The rights and wrongs of Piketty’s theses
A substantial data set that delivers no arguments in favour of a wealth tax
The rights and wrongs of Piketty’s theses
Surprisingly for an economics book, Thomas Piketty’s Capital in the Twenty-First Century received substantial media exposure, including – ironically – in Vanity Fair, a magazine devoted to reports on the rich and famous. And the magazine’s response to the French economist’s demand for taxes of up to 80 percent on high incomes and up to 2 percent on wealth was anything but harsh. In Piketty’s view, such measures are the only way to rectify the increasingly uneven and unfair distribution of wealth. This response alone showed that the author had struck a nerve in modern society, which was one reason for its success.

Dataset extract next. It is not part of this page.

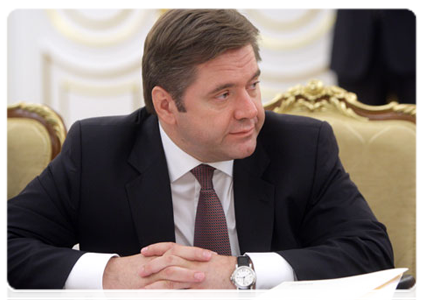 Minister of Energy Sergei Shmatko at a Government Presidium meeting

More than three-quarters of the book is dedicated to data on the level and distribution of wealth in several countries over the past 200-odd years. Initially, Piketty’s evaluation is fairly cautious, but that changes with his own interpretation of the results in the relatively short final chapter. His analysis rests on assumptions which are at the very least worthy of discussion.

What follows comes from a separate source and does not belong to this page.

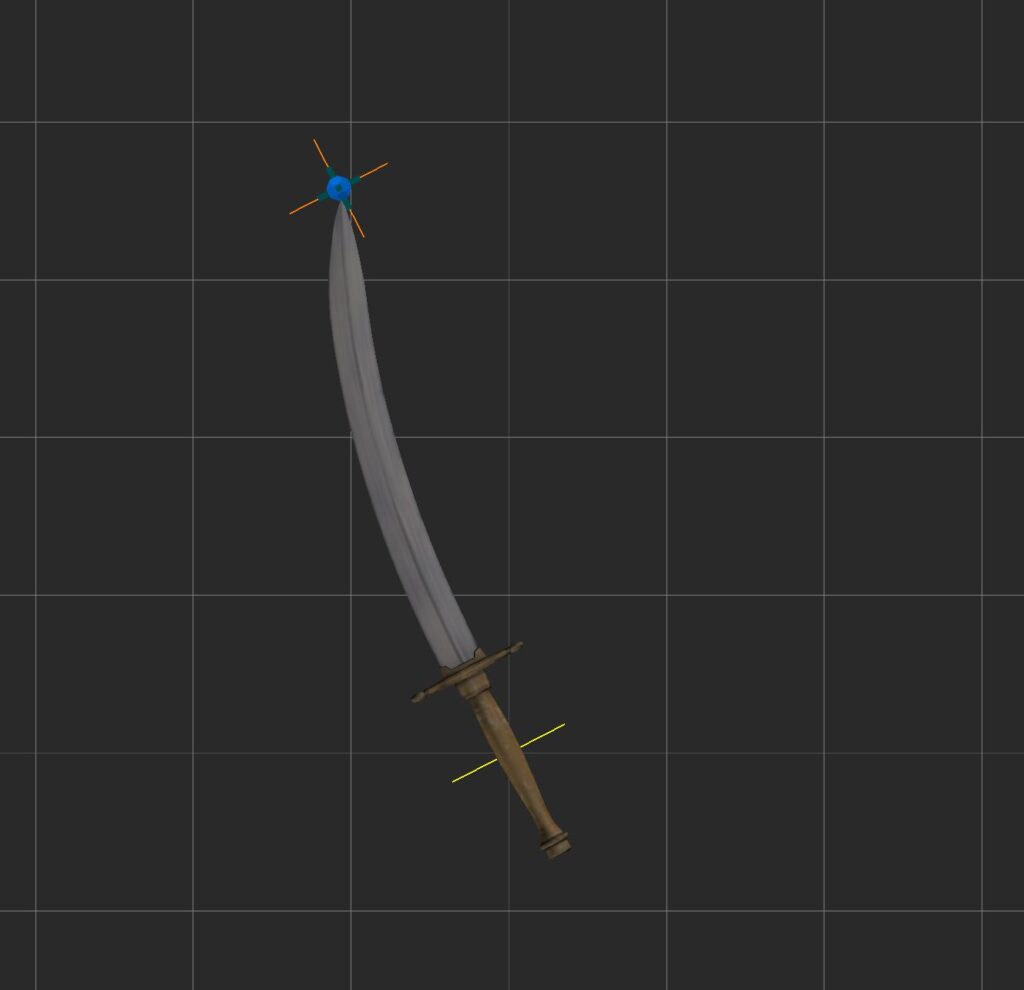 Image of a sword in motion builder with added curve to the blade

Capital in the Twenty-First Century and its core messages
The historical data indicate that capital income is once again gaining in significance compared to income from labour.
After the two world wars, wealth has again become more concentrated, and conditions in the early 21st century are starting to resemble those in the 19th.

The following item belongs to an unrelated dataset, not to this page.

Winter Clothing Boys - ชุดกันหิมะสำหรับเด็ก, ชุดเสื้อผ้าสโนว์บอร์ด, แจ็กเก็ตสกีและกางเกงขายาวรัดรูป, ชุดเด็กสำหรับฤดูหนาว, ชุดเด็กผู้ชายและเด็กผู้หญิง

On the long run return on investment has been higher than economic growth (r>g). The only exception was the 20th century as a result of the world wars and substantial economic upheaval, which led to redistribution and destruction of wealth.
According to Piketty, in the future the law of r>g will lead to a higher concentration of wealth, on a par with that in the 19th century, unless suitable counter-active measures are implemented in time.
Halting this trend towards inequality requires a progressive global tax of as much as 80 percent on high incomes and of 50-60 percent on upper-middle incomes. In addition, Piketty sets out the case for a progressive property tax of 1-2 percent in order to achieve a fairer distribution of wealth.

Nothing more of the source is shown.